Hip pain can be an indicator that you’ve been sitting for too long.  Get up and move.
Craving a certain kind of food can be an indication.  Or a taste in your mouth.
It doesn’t even have to be physical.
If you’re forcing something – making it happen.  Pushing it through.
Perhaps it’s not the right time.  Might not be the right team.  You might not have all the information.
There’s no need to push, move or muscle through pain.  Of any sort.
“It’s only five more miles.  I can grit it out.”
“Only ten more years until I retire.  I can make it that long.  I’ll grin and bear it.”
Pain is an indicator.
What’s yours telling you?


I hate this….

During a recent Chi Running workshop, one of the participants mentioned that she hated running.  She ran because of peer pressure, even though she was often the one applying the pressure by signing up for races.  Ironic?
She used the words “dragging” and “painful” – painting a bleak picture of her running life.
This isn’t the first time that I’ve heard that story – be it running, a job, a relationship, trying to lose weight…the list could go on.

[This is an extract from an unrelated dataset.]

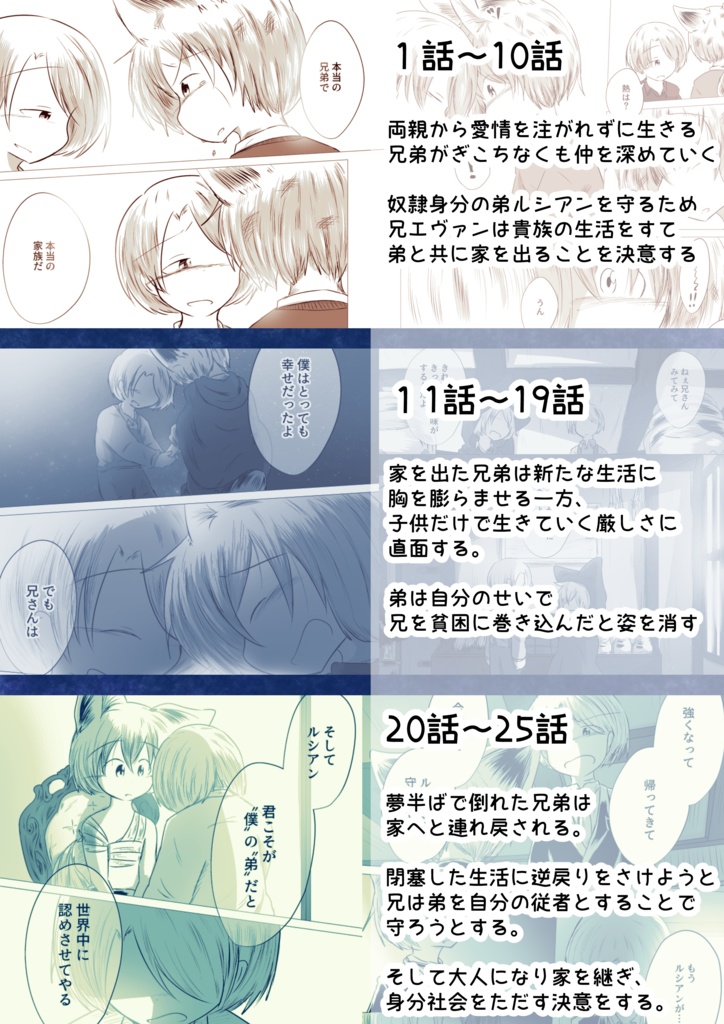 【1巻は含まれておりません】いつか僕らが死ぬ前に 2~10巻セット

What strikes me in these stories is the amount of resistance and tension.
The amount of energy it takes to “hate” or dislike.
If you hate running, how can you expect it to be pain free?  or even fun?
If you hate your job, how can you expect to be good at it?  To be engaged?
If you hate the effort it takes to eat healthy, how can you expect to do it?

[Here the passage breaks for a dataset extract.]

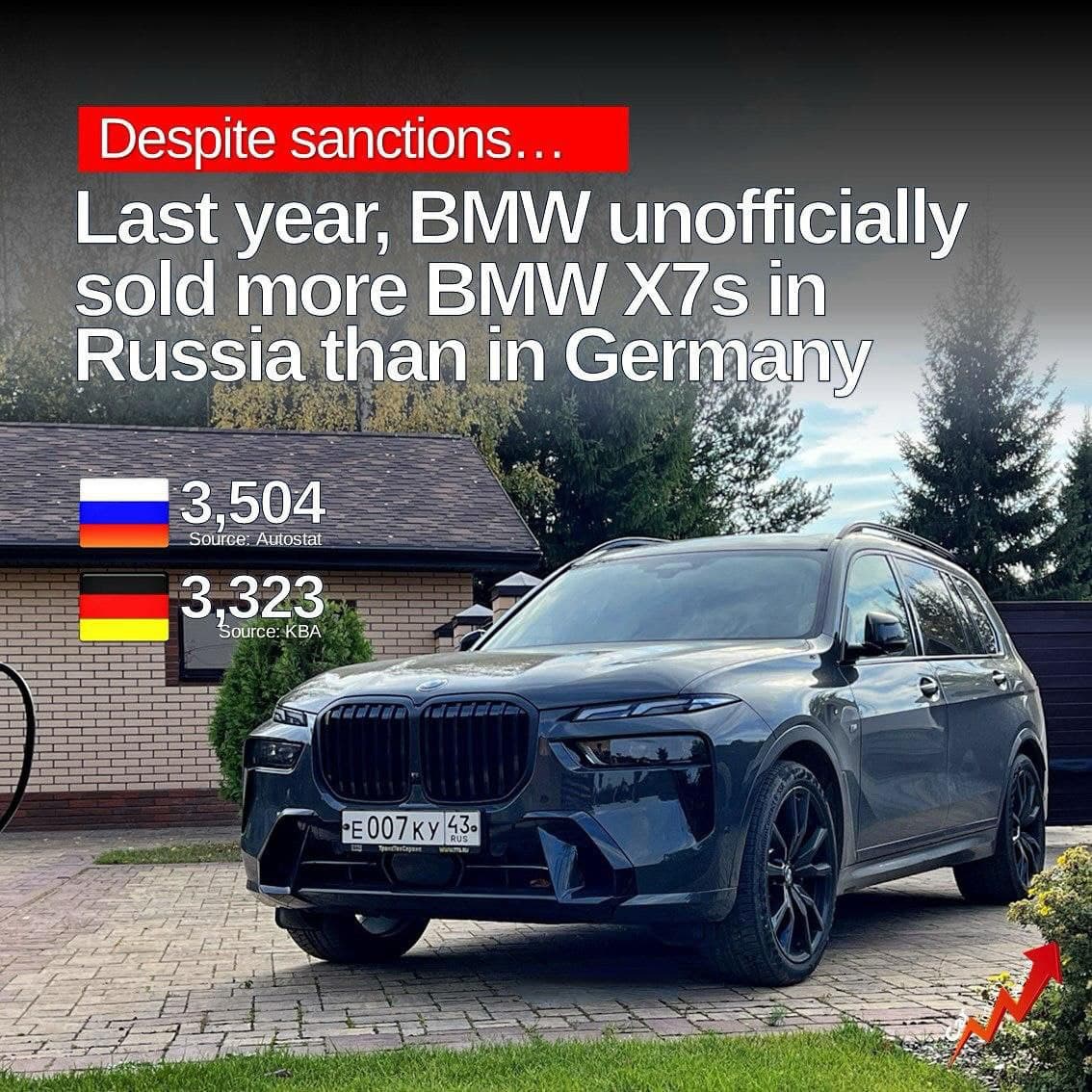 Luxury SUVs Thrive in Russia as Inequality Grows: A Shocking Reflection on Global Wealth Disparities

In hating something, you resist it – and your body takes on that resistance.  It tenses, as if you’re waiting for a punch.  Tight muscles, scrunched shoulders, knotted stomach.
Wasted energy, all of it.
AND, if the tension persists, injuries/side effects occur.
You gain weight.  Get shin splints.  Throw out your back.
Often we move through this pain, assuming we have no choice.
We push forward.  Try harder.  Make it happen.

Running is painful.  Eating healthy doesn’t taste good. The job just sucks. 
Pushing through pain is never the answer.  Usually, it leads to more pain.

Instead of moving through this pain, let it go.  Release and relax the tension.
Make an adjustment.  Be open.
I know, I know – easier said than done.
But work with me here – if you hate running, focus on what you do like about it.
The outdoors.  Fresh air.  Flashy running gear.  New shoes.  The feeling afterward.
If you have aches or pain, figure out the cause.  See what you can do to make it go away.
If you hate vegetables, find one that you can tolerate.  Or fix in a way that tastes good (without totally diminishing it’s benefits).

Less hate, more love.  Hell, less hate, more like.
Be open, and let go of the resistance, or seek out it’s cause.
You never know what you might learn, and how easy it is to fix.